Alain Bertaud: Urban Zoning Regulations

Mitigating Negative Externalities or Designing Cities by Proxy?

60 5th Avenue
Room 110
New York, NY 10011

Please join us for a seminar titled, "Urban zoning regulations: mitigating negative externalities or designing cities by proxy?" with Alain Bertaud, Senior Research Scholar at the Marron Institute and former principal urban planner at the World Bank.

Originally, the objective of zoning regulations was to prevent or decrease what economists call negative externalities—nuisances caused to neighbors by the bulk of buildings or by activities taking place in private lots. During the last 50 years, a new approach to zoning has emerged: relaxing restrictive regulations in exchange for a building design that the municipality deems to be in the public interest. The design of a city by regulations has a high cost for all new buildings, as the leverage on developers is directly proportional to the severity of the regulations applied to all but relaxed for a few.

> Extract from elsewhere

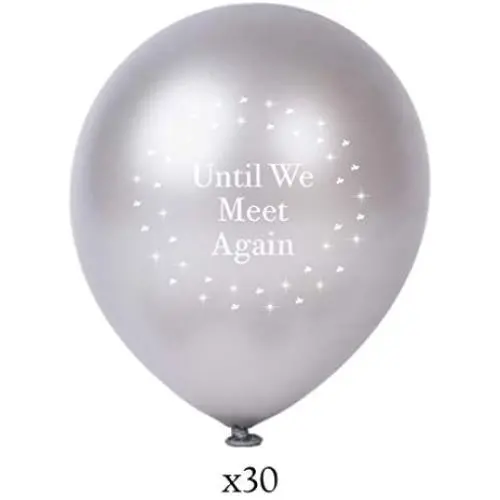 30 PC Biodegradable Balloons: Silver Funeral Balloons for Balloon Releases & Sympathy Gifts | Metallic Silver- Until We Meet Again 30 PC Biodegradable Balloons: Silver Funeral Balloons for Balloon Releases & Sympathy Gifts | Metallic Silver- Until We Meet Again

To illustrate this point, Alain Bertaud will compare the different approaches to zoning regulations used in Paris, New York, Singapore and Tokyo.    


Alain Bertaud
Alain Bertaud
Senior Research Scholar / Marron Institute

Alain Bertaud is a Senior Research Scholar at the Marron Institute. At the moment, he is writing a book about urban planning that is tentatively titled Order Without Design. Bertaud previously held the position of principal urban planner at the World Bank. After retiring from the Bank in 1999, he worked as an independent consultant. Prior to joining the World Bank he worked as a resident urban planner in a number of cities around the world: Bangkok, San Salvador (El Salvador), Port au Prince (Haiti), Sana’a (Yemen), New York, Paris, Tlemcen (Algeria), and Chandigarh (India).

Bertaud’s research, conducted in collaboration with GIS-expert Marie-Agnès Bertaud, aims to bridge the gap between operational urban planning and urban economics. Their work focuses primarily on the interaction between urban forms, real estate markets and regulations. Bertaud earned the Architecte DPLG diploma from the Ecole Nationale Supérieure des Beaux-Arts in Paris.